Day 1 Bush: Durban to Hluhluwe Game Reserve

Day 1: Durban to Hluhluwe
We left early for Breakfast at Delish Sisters in Salt Rock. Its located in a Litchi Orchard and the fruit were ripening on the high branches.  After an excellent breakfast we headed up the north coast and stopped at Inseleni for a mushroom check. Dad showed me some spots where he had seen fungi in wetter times. We found a few which I found extremely interesting and unfamiliar:

Small orange ones (they look the color of witches butter but are firm and more branched).

Fuzzy capped stipeless.

Large spongely-fibrous mushrooms.

Similar to turkey tails...

Natal is in a serious drought. We crossed the Umfolozi River which was completely dry but for a deep channel that had been excavated to keep water accessible to locals. At the Nyalazi gate the weavers were nesting - making loops of grass in a tree in a cacophony of chirruping and trilling. Male and female pairs were working together to weave the balled nests with long channel corridor.  Males demonstrated with fluffing and bobbing, jutting their wings out in display.

“They have a serious weaver infestation here” said Lanny, as Wren and I were marvelling at them.

Driving to the bush camp we were lucky enough to see a pair of african wild dogs on the road.  They were much larger than you’d expect, with long legs and big ears. We also saw giraffe, Nyala, Impala, Zebra and a number of white rhino.

Dinner Drama
Dinner was a strange affair.  The cook was either stoned or drunk and forgot to cook half the chicken and all the potatoes.  Ingrid had to come to the rescue and save the day.  The energy saving lighting is so dim that a single cone of normal light is suspended over one chair in the 20 foot square dining room. The poor souls sitting under this cone of light are constantly assaulted by swooping moths with soft heavy bodies and clawing feet that dive and fall on them then clamber up the body and fly off.  Wren was this soul and quickly developed a fear of moths, sitting in place starting at the light trying to track the next attack.  I told him not to bother and that moths were fine, until a hawk moth flew from my leg into my face and, involuntarily, I screamed.  This rather validated Wren’s perspective! 

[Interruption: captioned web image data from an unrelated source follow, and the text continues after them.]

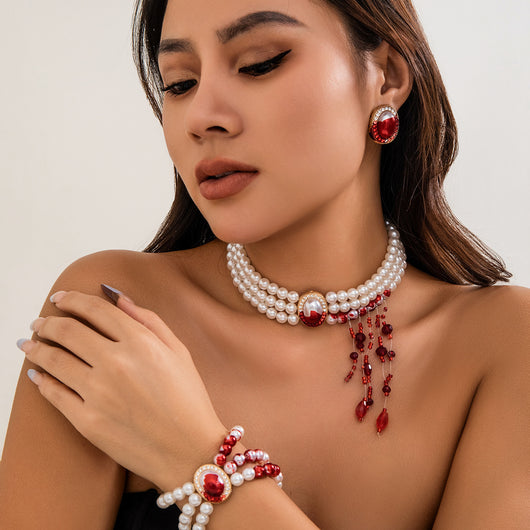 Woman wearing a pearl and red gemstone necklace, earrings, and bracelet on a neutral background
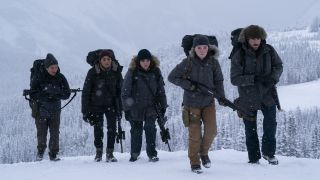 Abby (Kaitlyn Dever, second from right) and fellow soldiers from the Washington Liberation Front march fully-armed through a cold, snowy landscape in The Last of Us Season 2.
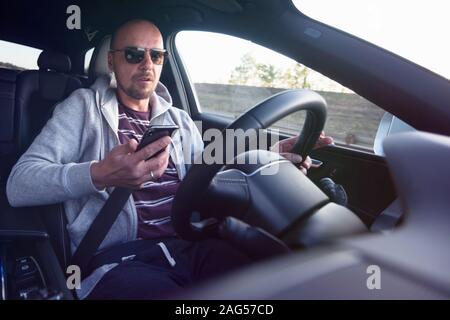 Man looking at mobile phone while driving a car. Stock Photo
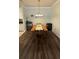 Formal dining room with chandelier lighting and dark wood flooring at 130 Southern Pecan Cir # 204, Winter Garden, FL 34787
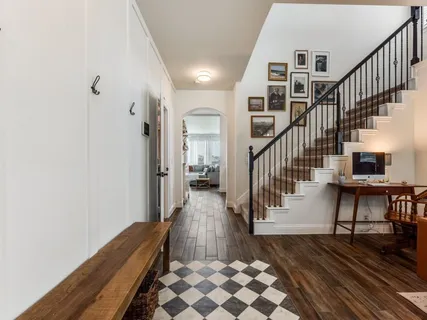 a view of entryway and hall with wooden floor
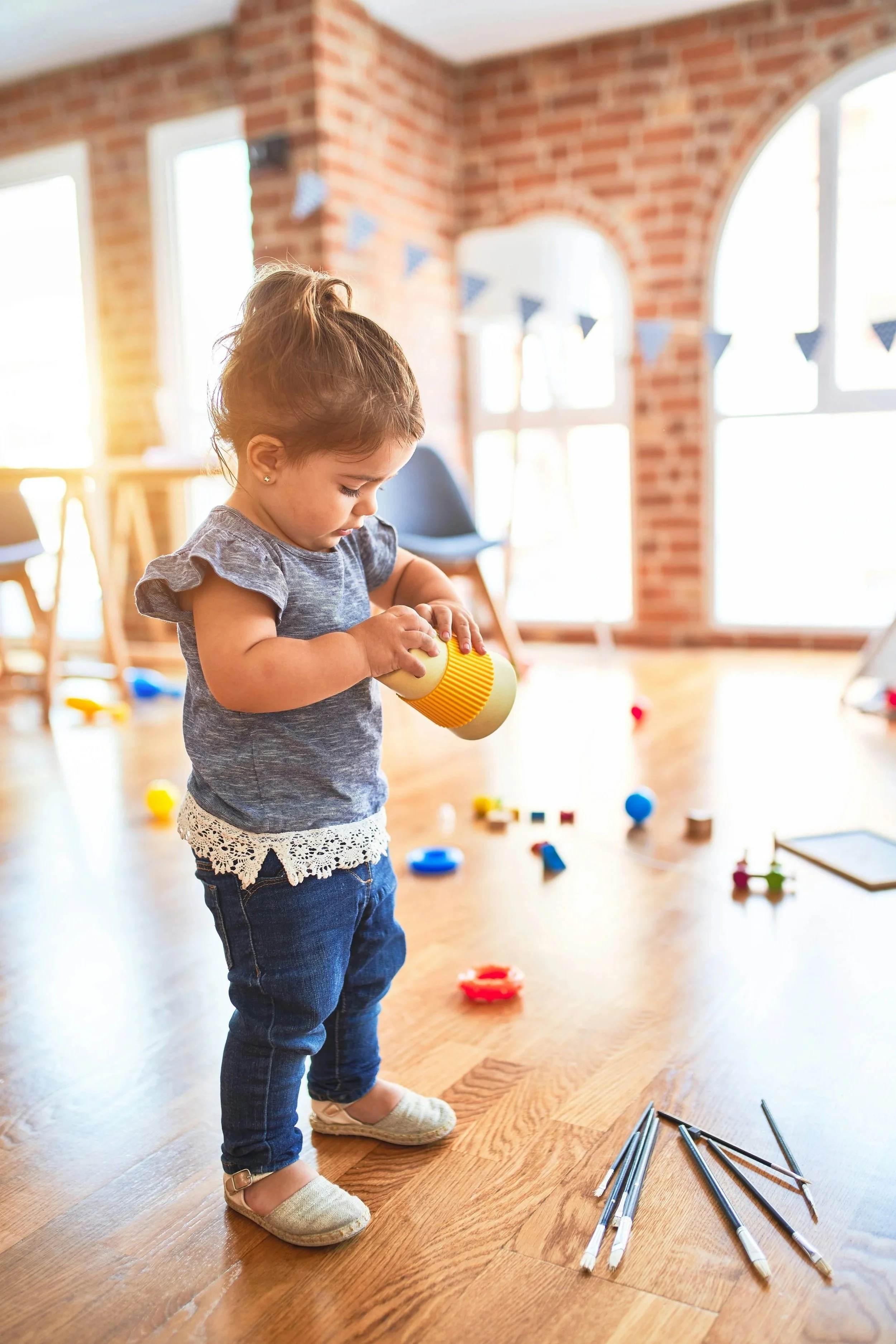 Young girl playing with building sticks on wooden floor in a bright room with brick walls and large windows.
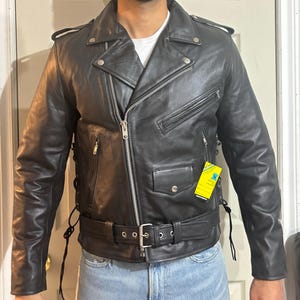 May include: A black leather motorcycle jacket with a zipper closure, a belt, and a yellow tag that says "Genuine Leather".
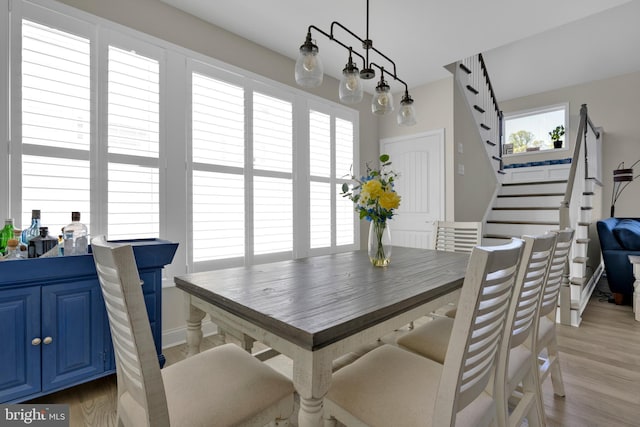 dining area featuring light wood-type flooring and stairs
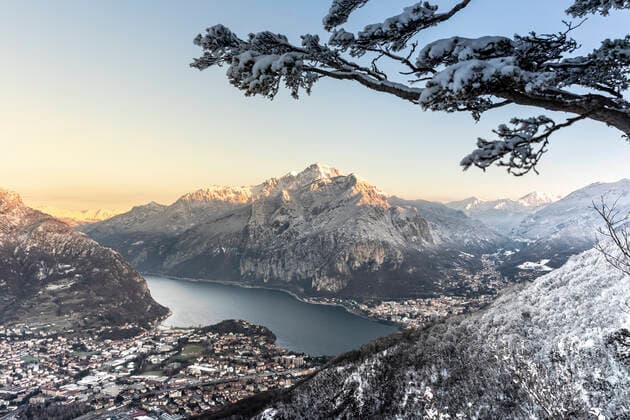 Italy, Lecco, Lake Como, View of mountains and lake in valley on winter day MCVF00725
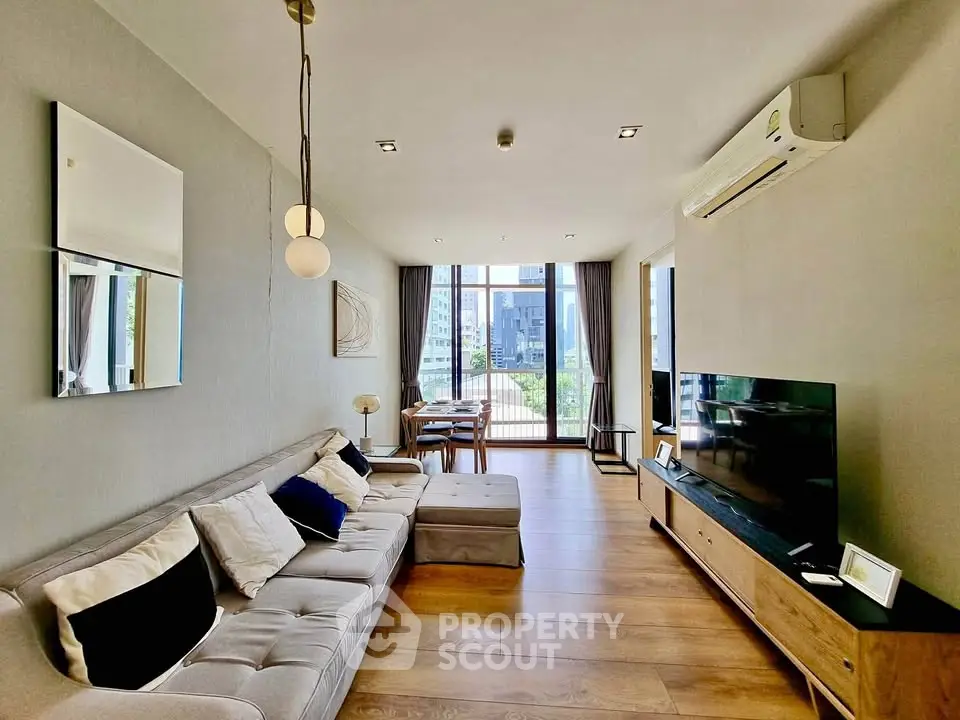 Spacious modern living room with large windows and stylish decor in a high-rise apartment.
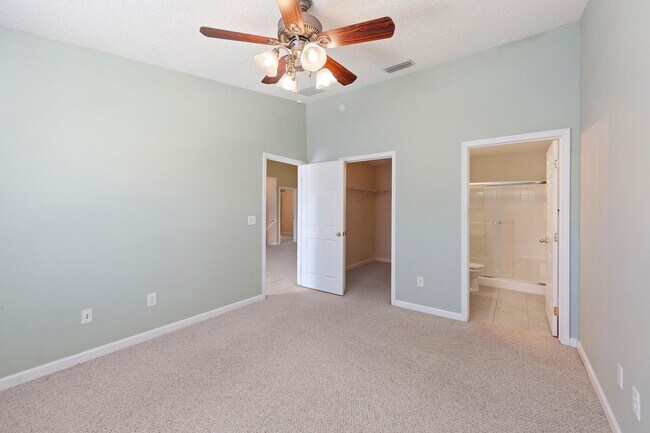 Building Photo - Beautifully Updated & Spacious 3BR/2BA Condo in a Secure Gated Community — Includes Cable, Intern...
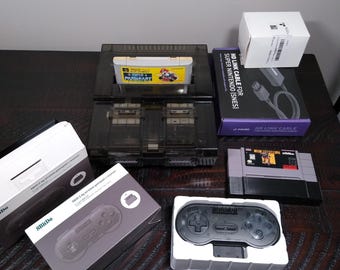 Super Nintendo SNES Console with New Shell, 2 New Wireless Controllers, Mario Kart, MechWarrior, New HDMI converter, and New Power Supply.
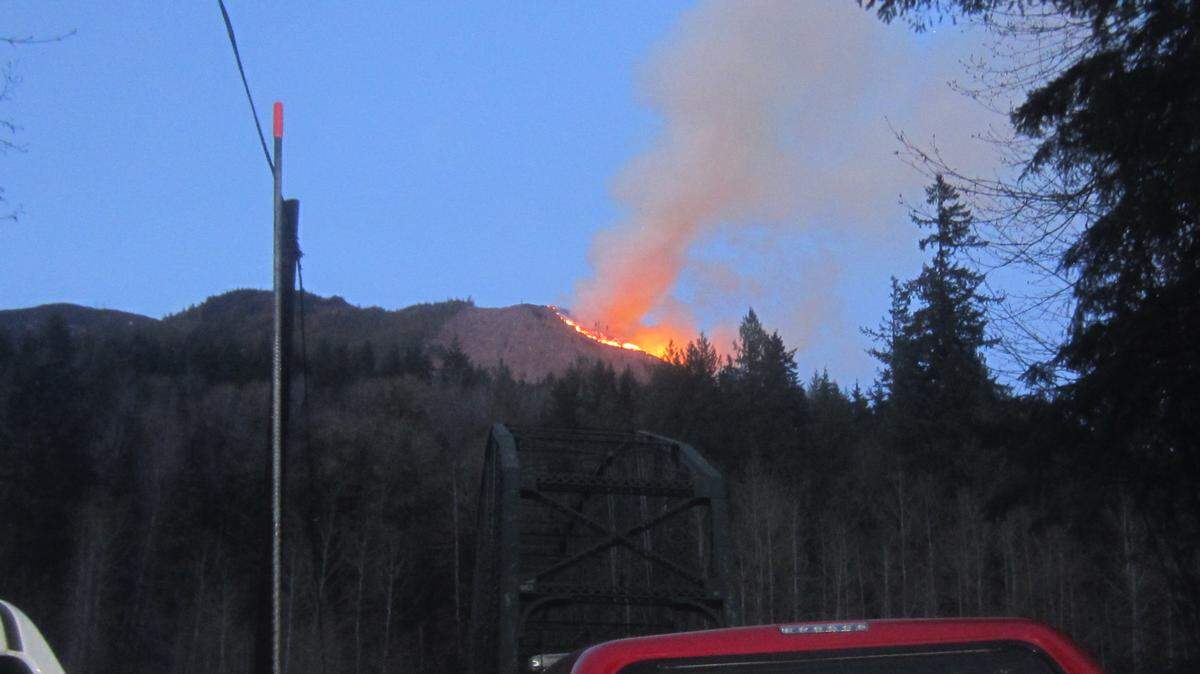 A large wildfire that was visible in parts of Whatcom and Skagit counties burns Wednesday evening, April 15, 2019, an area west of Van Zandt, Washington, near the Middle Fork of the Nooksack River.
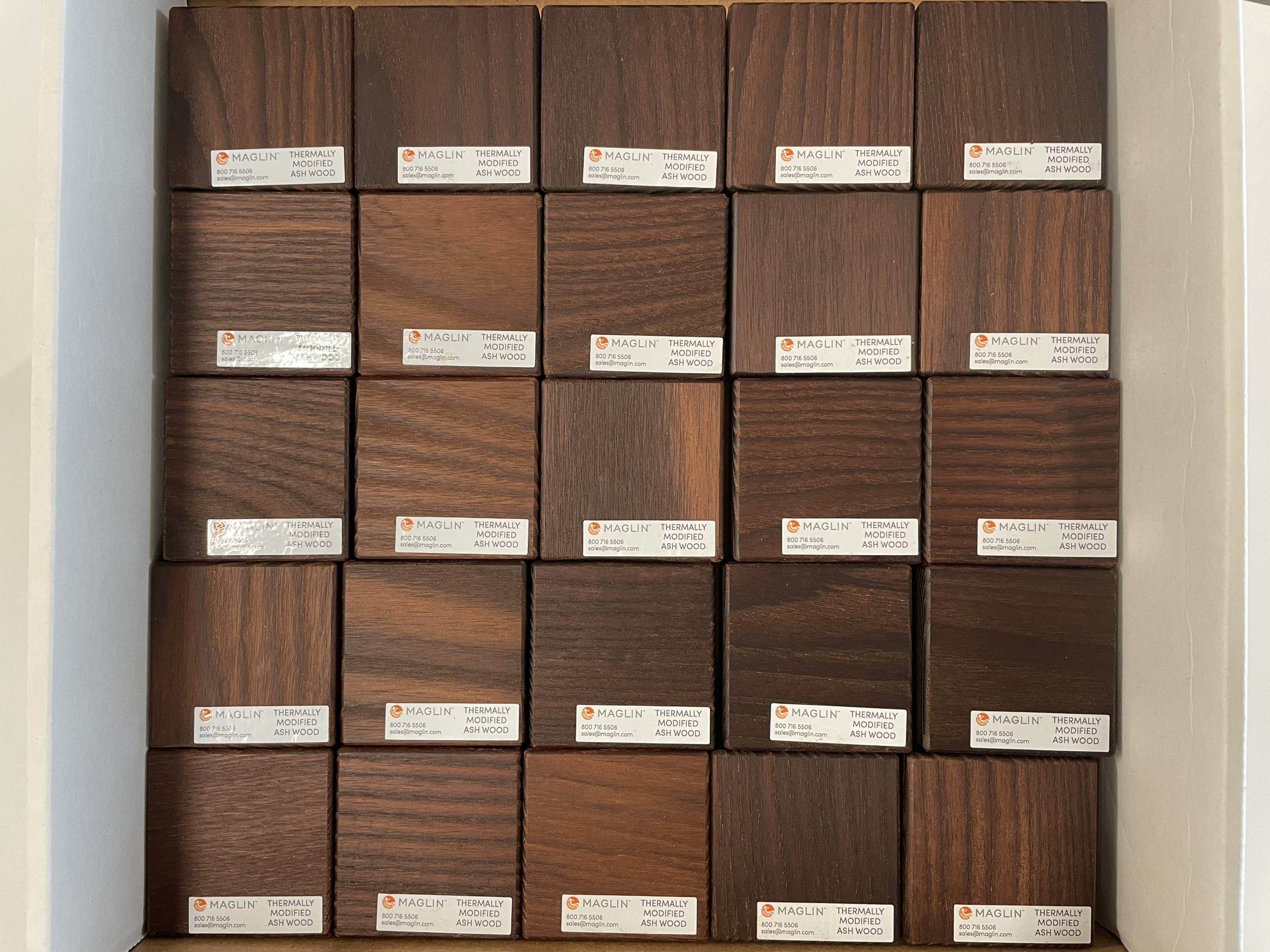 An open box with samples of Thermally Modified Ash Wood blocks at Maglin.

Pete was also not too keen on the moths but handled his concerns - having a greater fear of spiders, cockroaches and scorpions. After a while sharing “spider alert” stories - including one in which Peter and Lanny found a tarantula inside their mosquito net in Guatemala, Wren moved seats and sat in darkness, crying occasionally that he wanted to go “to our room to get away from the moths". This calmed eventually as the attacks lessened - until Pete yelled “Scorpion” and ran to the other side of the room. There was a 5 inch long scorpion with huge pincers sitting on floor in dining room dark.  Wren stood on a chair while it scuttled around. Dad pursued it and swept it into the next room where it vanished into the large gaps between the floorboards.

The cook said “They are all over camp but they live under the house”.  The next morning he was vigorous in his sweeping.

Waking in the night the bamboo shutters were vibrating in the wind which sucked and heaved, blowing rain against the glass.